[Short web captions]
- Opening Delimiter -
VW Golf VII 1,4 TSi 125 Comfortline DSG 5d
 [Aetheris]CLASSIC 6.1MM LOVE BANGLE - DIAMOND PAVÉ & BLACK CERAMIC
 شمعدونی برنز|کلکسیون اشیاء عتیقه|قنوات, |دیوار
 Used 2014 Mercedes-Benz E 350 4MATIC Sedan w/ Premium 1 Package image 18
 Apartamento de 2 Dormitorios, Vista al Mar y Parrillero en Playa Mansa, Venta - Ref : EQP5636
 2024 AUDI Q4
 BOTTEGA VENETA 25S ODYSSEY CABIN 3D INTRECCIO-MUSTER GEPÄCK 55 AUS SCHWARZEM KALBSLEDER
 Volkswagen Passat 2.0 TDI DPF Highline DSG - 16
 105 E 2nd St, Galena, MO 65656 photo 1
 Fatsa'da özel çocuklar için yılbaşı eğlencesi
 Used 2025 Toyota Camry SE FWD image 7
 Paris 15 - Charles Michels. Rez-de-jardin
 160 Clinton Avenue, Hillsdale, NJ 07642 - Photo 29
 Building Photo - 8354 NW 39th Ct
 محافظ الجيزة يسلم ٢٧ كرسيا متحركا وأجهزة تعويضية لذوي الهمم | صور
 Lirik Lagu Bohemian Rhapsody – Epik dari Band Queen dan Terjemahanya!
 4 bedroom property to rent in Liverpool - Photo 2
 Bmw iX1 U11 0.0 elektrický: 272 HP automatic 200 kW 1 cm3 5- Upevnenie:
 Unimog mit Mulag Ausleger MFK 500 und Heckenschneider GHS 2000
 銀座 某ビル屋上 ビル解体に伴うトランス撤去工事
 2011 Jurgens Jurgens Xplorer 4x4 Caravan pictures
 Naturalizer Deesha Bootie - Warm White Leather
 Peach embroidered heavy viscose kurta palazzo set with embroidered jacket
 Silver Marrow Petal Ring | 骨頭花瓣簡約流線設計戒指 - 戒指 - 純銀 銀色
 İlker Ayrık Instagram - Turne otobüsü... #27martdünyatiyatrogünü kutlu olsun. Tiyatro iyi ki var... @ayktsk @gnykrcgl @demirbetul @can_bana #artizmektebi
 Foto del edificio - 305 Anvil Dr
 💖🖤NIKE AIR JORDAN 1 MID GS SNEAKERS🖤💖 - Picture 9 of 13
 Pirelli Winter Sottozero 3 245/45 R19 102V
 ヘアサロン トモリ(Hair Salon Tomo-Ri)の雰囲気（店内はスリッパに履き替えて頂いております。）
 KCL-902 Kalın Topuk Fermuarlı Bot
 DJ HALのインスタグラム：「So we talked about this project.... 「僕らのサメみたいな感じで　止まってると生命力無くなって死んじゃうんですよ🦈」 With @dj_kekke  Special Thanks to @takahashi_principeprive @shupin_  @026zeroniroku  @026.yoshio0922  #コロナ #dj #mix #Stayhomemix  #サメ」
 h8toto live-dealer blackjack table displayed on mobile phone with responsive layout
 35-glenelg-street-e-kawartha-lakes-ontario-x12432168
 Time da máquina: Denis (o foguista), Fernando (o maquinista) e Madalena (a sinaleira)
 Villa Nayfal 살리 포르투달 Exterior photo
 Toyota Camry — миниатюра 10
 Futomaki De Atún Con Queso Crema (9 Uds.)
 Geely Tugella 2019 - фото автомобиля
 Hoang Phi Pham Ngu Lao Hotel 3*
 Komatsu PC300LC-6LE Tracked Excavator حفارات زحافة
- Closing Delimiter -
▶ Problem requirements
Scan the entries above for the line containing "Used 2025 Toyota Camry SE FWD image 7", and copy it and all lines after it exactly, down to and including the line containing "35-glenelg-street-e-kawartha-lakes-ontario-x12432168".

▶ Solution for this exercise
 Used 2025 Toyota Camry SE FWD image 7
 Paris 15 - Charles Michels. Rez-de-jardin
 160 Clinton Avenue, Hillsdale, NJ 07642 - Photo 29
 Building Photo - 8354 NW 39th Ct
 محافظ الجيزة يسلم ٢٧ كرسيا متحركا وأجهزة تعويضية لذوي الهمم | صور
 Lirik Lagu Bohemian Rhapsody – Epik dari Band Queen dan Terjemahanya!
 4 bedroom property to rent in Liverpool - Photo 2
 Bmw iX1 U11 0.0 elektrický: 272 HP automatic 200 kW 1 cm3 5- Upevnenie:
 Unimog mit Mulag Ausleger MFK 500 und Heckenschneider GHS 2000
 銀座 某ビル屋上 ビル解体に伴うトランス撤去工事
 2011 Jurgens Jurgens Xplorer 4x4 Caravan pictures
 Naturalizer Deesha Bootie - Warm White Leather
 Peach embroidered heavy viscose kurta palazzo set with embroidered jacket
 Silver Marrow Petal Ring | 骨頭花瓣簡約流線設計戒指 - 戒指 - 純銀 銀色
 İlker Ayrık Instagram - Turne otobüsü... #27martdünyatiyatrogünü kutlu olsun. Tiyatro iyi ki var... @ayktsk @gnykrcgl @demirbetul @can_bana #artizmektebi
 Foto del edificio - 305 Anvil Dr
 💖🖤NIKE AIR JORDAN 1 MID GS SNEAKERS🖤💖 - Picture 9 of 13
 Pirelli Winter Sottozero 3 245/45 R19 102V
 ヘアサロン トモリ(Hair Salon Tomo-Ri)の雰囲気（店内はスリッパに履き替えて頂いております。）
 KCL-902 Kalın Topuk Fermuarlı Bot
 DJ HALのインスタグラム：「So we talked about this project.... 「僕らのサメみたいな感じで　止まってると生命力無くなって死んじゃうんですよ🦈」 With @dj_kekke  Special Thanks to @takahashi_principeprive @shupin_  @026zeroniroku  @026.yoshio0922  #コロナ #dj #mix #Stayhomemix  #サメ」
 h8toto live-dealer blackjack table displayed on mobile phone with responsive layout
 35-glenelg-street-e-kawartha-lakes-ontario-x12432168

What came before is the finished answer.